Yes, gun store employees in the United States are quite often all armed and more or less allowed to open carry. A gun store is the opposite of a ‘gun-free zone.’ Even many of the other customers likely carry armed guns openly.

For this reason, gun store robberies are very rare. People might break into a gun store at night when nobody is around, but that is pretty hard and rare since gun stores have elaborate alarm systems with caged and barred storefronts when they are closed.

In the event anyone raises a firearm in a threatening manner in a gun store, they will have dozens of barrels immediately aligned with their head, held by gun lovers who just want to pull the trigger to justify their expensive hobby and perspective. Gun shop owners and employees in the United States are usually armed to the teeth. Most guys who are into guns are either heavy enthusiasts, ex-military or ex police.

Normally, gun stores protect themselves and their inventory than the state protects children, better than banks protect money, and better than hospitals even protect health. The stores are run in anticipation of robberies and the like, and if they get robbed, they’ll probably get shut down.

If you own a gun store in the United States, at some point you will have to deal with this issue of employees openly carrying weapons, that’s if you haven’t already. There are both pros and cons to having your employees carry in your store while they’re on the clock, and you should consider them all before making your decision.

8 Questions to Ask Before Deciding If Your Gun Store Employees Can Open Carry

There are few questions you should be asking before allowing your staff to open carry, and a “No” to any of them should give you reasons to reconsider.

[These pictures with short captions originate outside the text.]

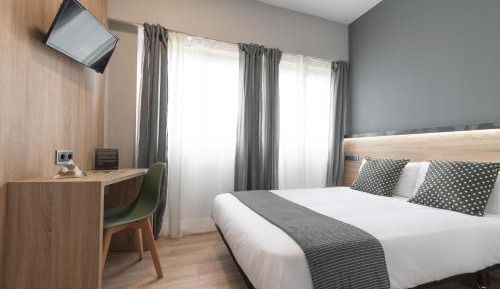 Economy Double or Twin Room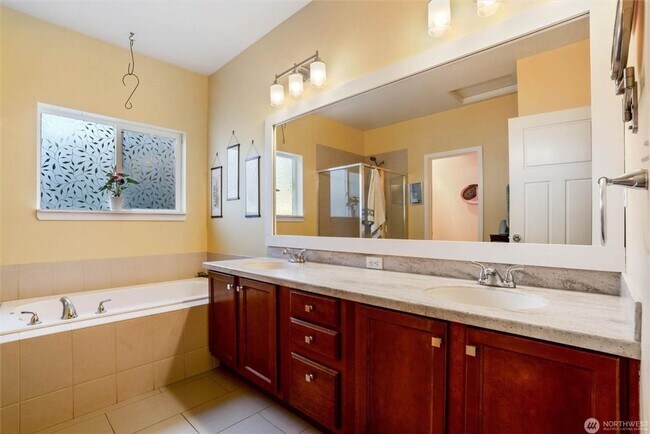 Building Photo - Elegant 3 Bedroom Home in Harbor Crossing ...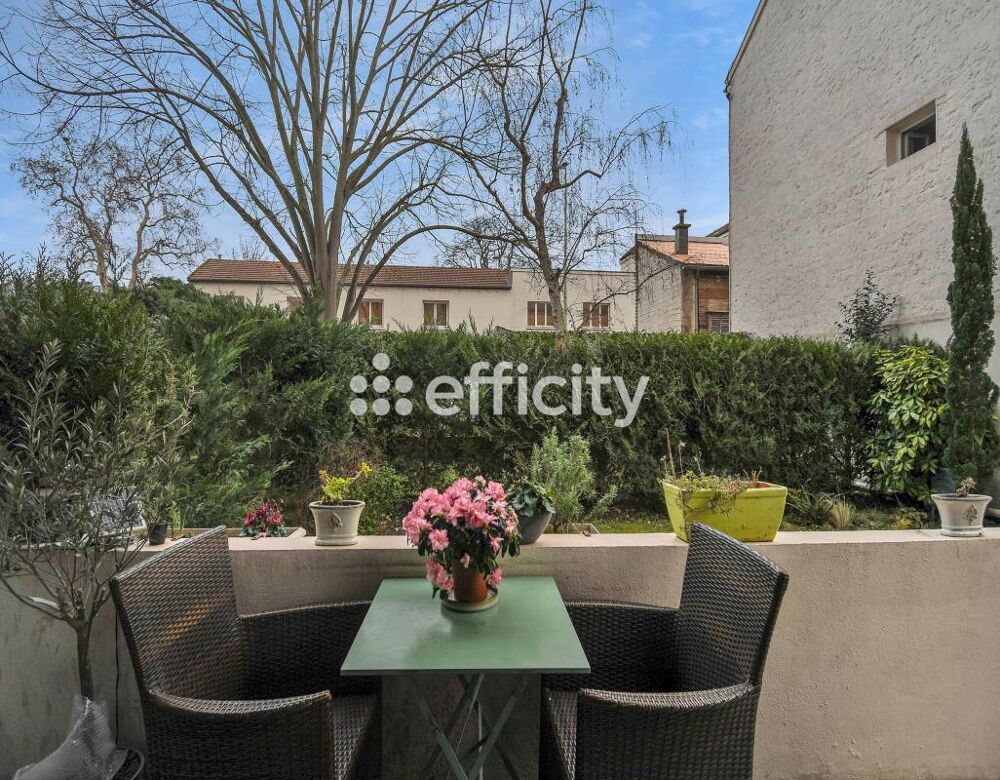 � vendre  Appartement Courbevoie (92400)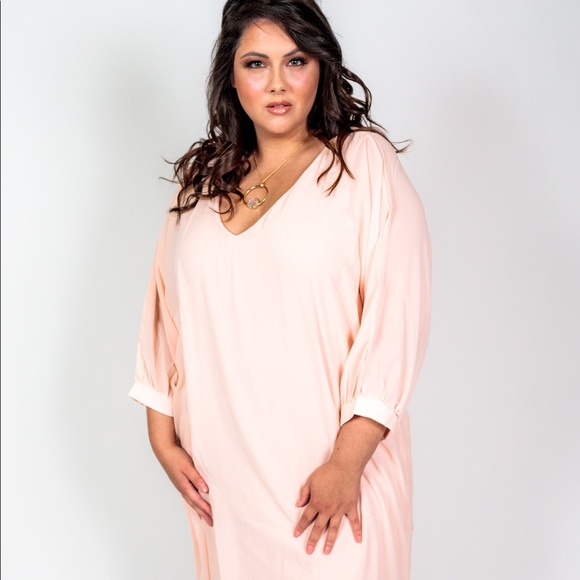 Plus Size ‘Chelsea’ Midi Dress - Picture 4 of 5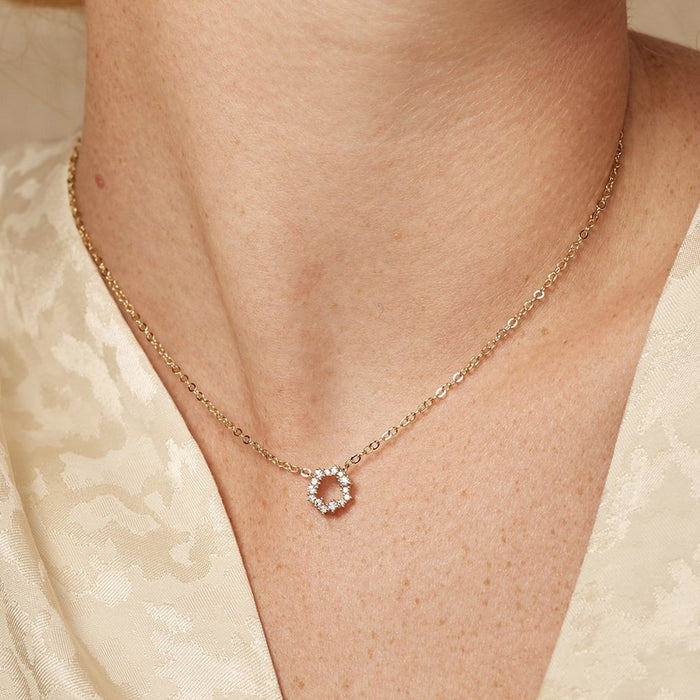 White Cori Necklace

  1. Do your employees have an acceptable level of training to use a firearm in a life-threatening situation should the need arise? Do they even know how to analyze situations that call for the potential use of deadly force and which ones require other less-lethal remedies?
  2. Is the potential for the use of deadly force realistic for your store design? Note that in some jurisdictions, law enforcement trains to a “21-foot rule” to determine when deadly force can be an option, this being the distance needed for an officer to effectively draw their weapon and fire when confronted with threat requiring the use of deadly force to stop it. While in your store, though, the reaction space may be more like three feet across the gun counter. Knowing that, does allowing your staff to open carry become more of a liability than an asset?
  3. Does your business and health insurance policies cover any and all aftermath resulting from a use of force by an employee?
  4. Also are there any local, state or federal laws that prevent employees from openly carrying their personal firearms while at work or restrictions to open carrying while working that would negatively impact my business?
  5. Do your employees need open carry permits to carry legally in your store? Does your store need any kind of special security licensing to permit your employees to work while armed?
  6. Are your employees trained in first-aid?
  7. Are you in a high-crime area? If so, is your area one where crimes occur with some frequency when businesses are open?
  8. Is your business located remotely or challenging for law enforcement to get to in a timely manner?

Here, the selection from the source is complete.